Russell Goltz 5:10 p.m., Dec. 28
Steve Forrest, movie actor, Lt. Hondo Harrelson on TV's S.W.A.T., and dependable Dana Andrews' real-life kid brother, is dead.
For years I couldn't see the Forrest for the Andrews. (It must have had something to do with countless childhood viewings of Hot Rods to Hell.) Then it suddenly hit me and halfway through Mommie Dearest the family resemblance took hold of my brain. This was at a time before Wikipedia made the answers to all life's trivia a click of the mouse away. I had to wait until after 9pm when the rates went down (it was also before cell phone bundling plans became the vogue) to call a friend in SoCal and have my findings confirmed.
Fortunately for Forrest, the booze gene skipped a generation. Unlike br'er Dana, whose every line of dialog spoken after 1960 was accented with a pronounced slur, Forrest showed up on set clean, sober, and ready to roll. (If you haven't already, crack open a six-pack and study Dana's fractured delivery in HRTH.)

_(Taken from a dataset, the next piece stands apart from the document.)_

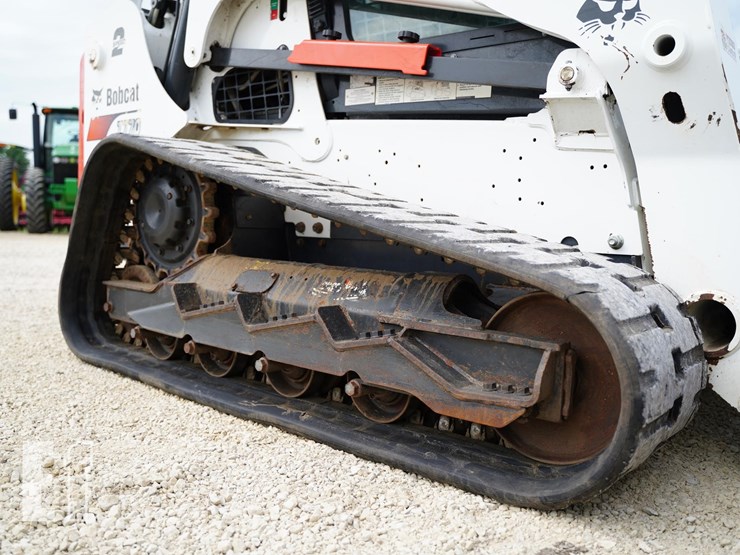 2022-bobcat-t770-image-16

He began life as William Forrest Andrews and after a few bit roles in pictures adopted his stage name (possibly to avoid accusations of nepotism). His career spanned over 50 years. Forrest appeared in several favorites (a cameo in The Band Wagon and bigger parts in It Happened to Jane and Heller in Pink Tights.) He was awarded a New Star of the Year Golden Globe for his work in So Big (1953), but never came close to touching his brother's popularity.
There were occasional parts in feature films (Rascal, North Dallas Forty, Mommie Dearest) but by 1965 Forrest had turned his attention almost exclusively to television. His small screen credits include appearances in The Six Million Dollar Man, Fantasy Island, and Dallas.
The actor's last role was a cameo as a truck driver in the big screen version of S.W.A.T. Forrest died last Saturday in Thousand Oaks, California. He is survived by Christine Carilas, his wife of 65 years, and three sons. Steve Forrest was 87.